E assim foram os dias que se sucederam até que numa caminhada que fiz pelo
bairro ouvi vozes embaixo da ponte do canal. Fui verificar, pensando que eram operários
da prefeitura fazendo a limpeza do canal, e encontrei os cinco mendigos morando
embaixo da ponte. E ainda me acenaram com as mãos.
Com essa
experiência, e lembrando que antigamente mendigos foram jogados no rio da
Guarda, respondi à colega:
-“Não tem
jeito para mendigo, ninguém consegue resolver esse problema.
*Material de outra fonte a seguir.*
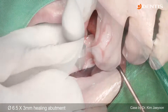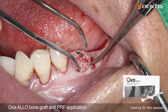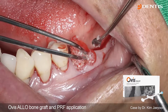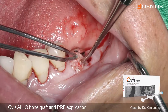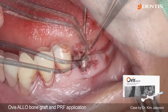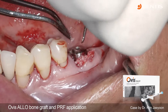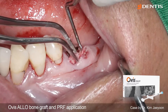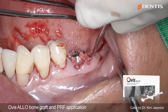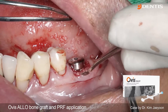Then I connect the healing abutment. I use allograft bone graft material for the bone grafting because there is a large-size defect on the mesial side, and there is also a defect on the distal side of the extraction socket. So I gently insert the bone graft material into the socket and defect site.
Agora estão botando
fogo em mendigo”.
Uma centelha
fez-me sentar na cama, e me questionei se àquela hora alguém não estaria prestes
a tocar fogo nos mendigos mencionados pela colega.
Sem que Heloisa
percebesse, levantei-me, vesti-me rapidamente, peguei o carro e toquei para a Rua
Gavião Peixoto. Eram cerca de 2 horas da manhã.
Estavam todos
lá, os mendigos do Banco Itaú. Apesar do calor sufocante, eles estavam envoltos
em trapos esfarrapados e mal cheirosos. Fiquei a pensar por que eles sempre
escolhem as marquises dos Bancos. Observei que na calçada do Unibanco, do
Bradesco, da Caixa Econômica estavam mais moradores de rua dormindo. Por que os
gerentes dos bancos não os expulsavam? Seria uma forma de se redimirem dos seus
altos lucros propiciados pela política daquele a quem chamo de cabo Anselmo do
PT?
Fiquei ali de
plantão, para não deixar que nada acontecesse àquele bando. O cheiro era ruim, causado
pelo suor gorduroso oxidado de pele macilenta e pela urina que empestavam o ar.
Pisei em alguma coisa pastosa e exalou um cheiro insuportável. Quanto mais
limpava a sola do sapato na quina do meio-fio mais fedia. Nada fede tanto
quanto merda de mendigo. Arreh. Soltei um palavrão.
De repente, um
mendigo acordou e me viu. Olhando-me desconfiado, cutucou o companheiro do lado
que também ergueu a cabeça e, após alguns segundos, perguntou:
- O que você
quer?
-Sem saber o que
responder, disse:
-Sou o Anjo da
Marquise.
Mais alguns instantes
de silencio e pareceu-me que ficaram tranqüilos e recostaram as cabeças um no
outro e entraram num sono profundo dos justos.
Já eram cinco
horas da manhã e o dia começava a clarear. Assim que a visibilidade ficou patente,
achei que a minha vigília poderia ser suspensa. Cheguei em casa e fui direto
para o computador escrever, com uma idéia fixa: Anjo da Marquise. De onde meu subconsciente
havia tirado aquilo? Afinal quem são os anjos da marquise? Onde eu teria ouvido
isso?
Acordei
suando, meio aterrorizado com aquele sonho sobre moradores de rua. Vesti-me
rápido. Peguei o carro e cheguei em Icaraí. Infelizmente não tive tempo
de evitar que Leandro da Silva Águas, de 21 anos, fosse incendiado por outros
moradores de rua em briga por espaço para dormir.